I feel the need within me deep and strong making itself felt all through me. I long for that drive to the venue, that wait in reception for Mistress, our discussion is a highlight, then that short walk as I follow Mistress into the dungeon. I long for that anticipation of each phase of having a session.

Of course my stories are another matter entirely. While they may have some small basis in fact, in real life, they in general are massively the works of kinky fiction.

Play safe, play happy – ‘Trikki.

Recovering from various and dreaded viruses

Well it happened at long last. Not long after my last post I started to feel poorly, then worse, then of course the RAT test showed the line. Yes. I was in covid-land and not a happy camper

The first few days were awful, really awful. Even having the light on in the bedroom was difficult and the headache was a killer. But at about day 4 I started to feel better and by day 7 I was fine and the RAT test said I was pretty much free of it.

So that was a delight (not) and someting to get past. I’d joined the ranks of covid surviors. I suppose it could have been worse.

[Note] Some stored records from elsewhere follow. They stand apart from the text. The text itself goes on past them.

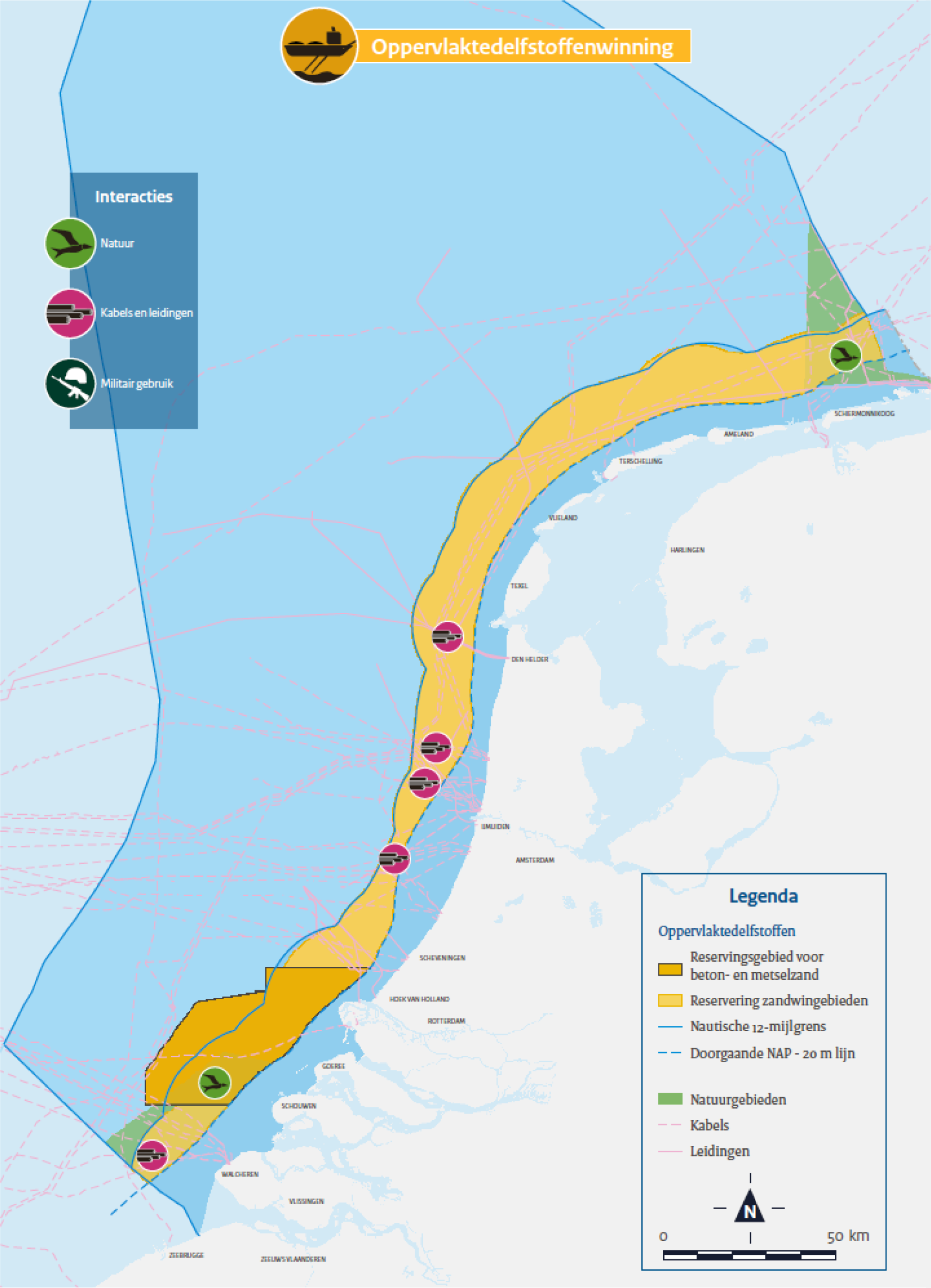 Figuur 11 Zonering oppervlaktedelfstoffenwinning met indicatie interacties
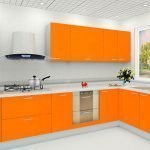 Juego de cocina de esquina naranja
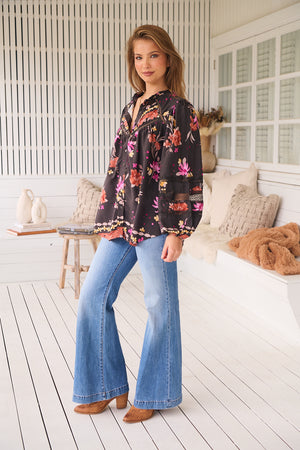 Jaase Eliza Blouse with V-Neck Lace Buttons Balloon Sleeve - Monarch Bloom - Style House Fashion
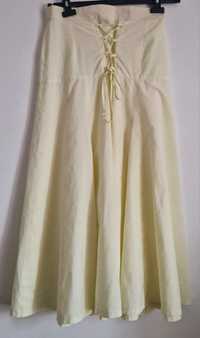 Długa limonkowa spódnica S (36)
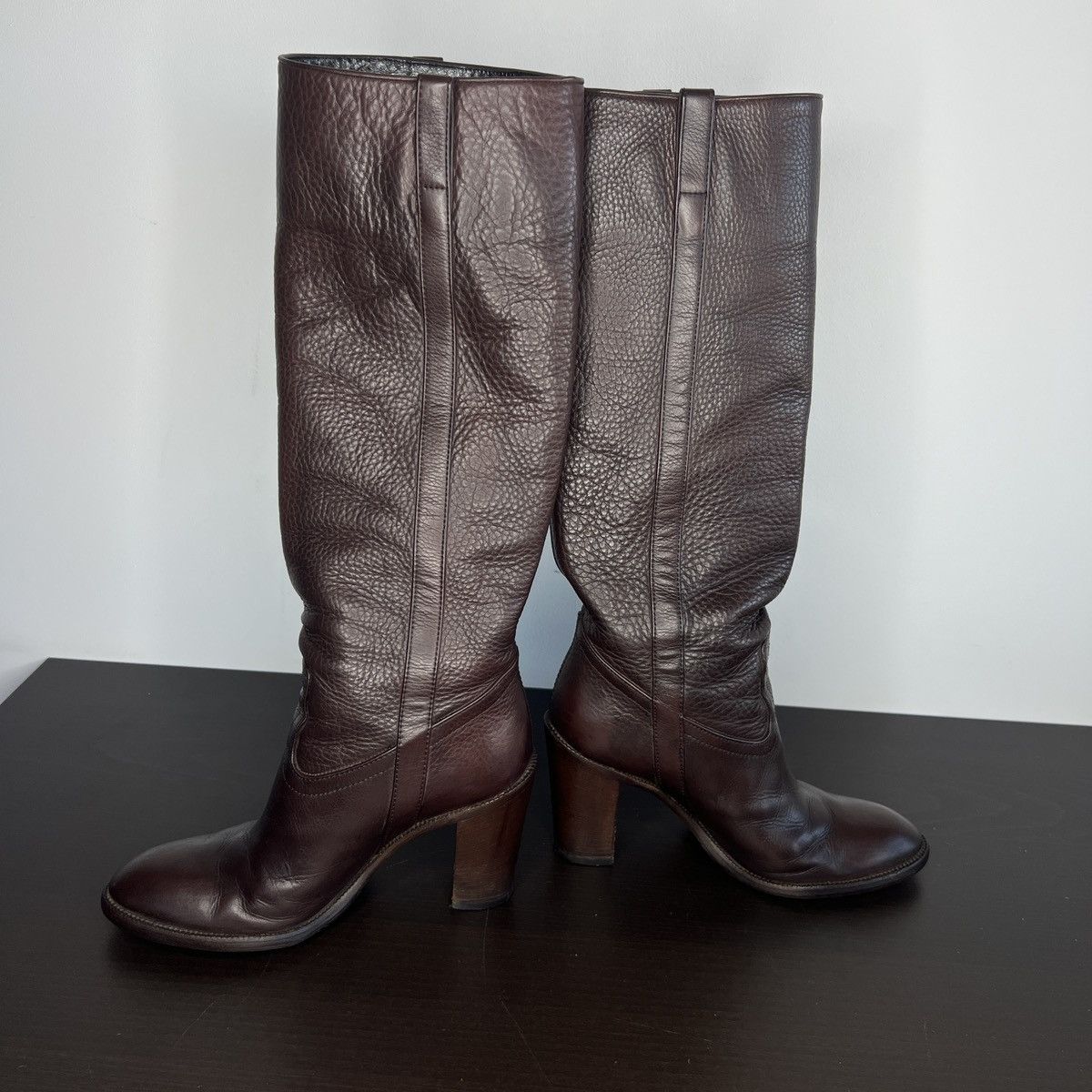 Gucci Gucci Knee Boots Hills High Brown Leather Shoes Size US 6 / IT 36 - 9 Thumbnail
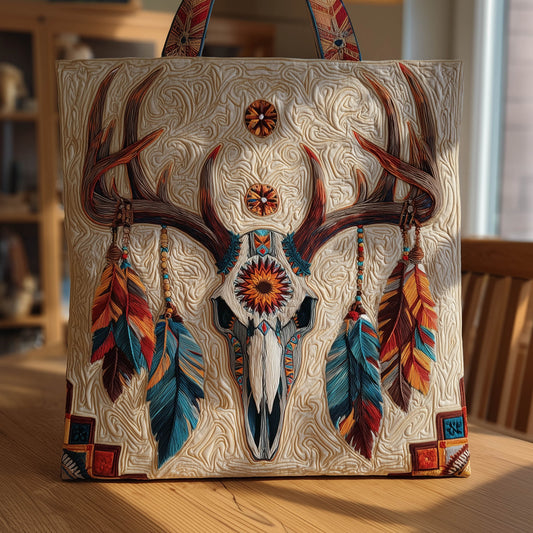 Deer Skull Feathers Quilted Tote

Then, after a few weeks of final recovery and feeling rather pleased with myself, I of course for the flu. And it was worse than the covid. I was a full week plus bed ridden and pretty much incapacitated. Then another three weeks was required before I could push the mower and do the gardening again. The slow recovery felt like glandular fever all over again, but eventually it wore off.

So that was it for the year I thought. Of course. How could I have more I said to myself.

And of course how wrong I was. Silly me. I got another virus of some kind, vastly less bad than both the previous but enough to stop me from working and using the computer. By day 6 I was feeling better but a little light headed. Again, it was a full 2 weeks to recover.

So What Comes Next?

Hopefully no more of these little monsters!

How can something so small cause so much trouble (and yes I know the reason) – it just all out of proportion though.

Dreaded Virus

I’ve had a few emails from readers – thank you. I’ll address those shortly. A recent one was quite disjointed and reminded me of me – of course – when times of great need bring a certain scattiness to my writing.

I’ve noticed that hand strapping and tawsing has been the most searched for thing that lands readers on this site.

I of course thought there would be little interest – and just like catching yet another virus – how wrong I was. Therefore, I’ll publish some more on this at regular intervals.

One thing I could do at times as I recovered was work on some writings. For some reason the domestic discipline female led genre has really been appealing. I’ve got a few stories of a few thousand words each in the pipeline. I’ll publish snippets here and probably publish the full stories on Amazon under the Trikki Watson label.

Finally, and after just coming out of a lovely self bondage session that’s left me floating and happy, I’ll be having a pro-domme session as soon as I can. I am really tempted to prolong it a little and have some ideas for new things. After having sessions since 2005, finding new things for sessions can be tricky.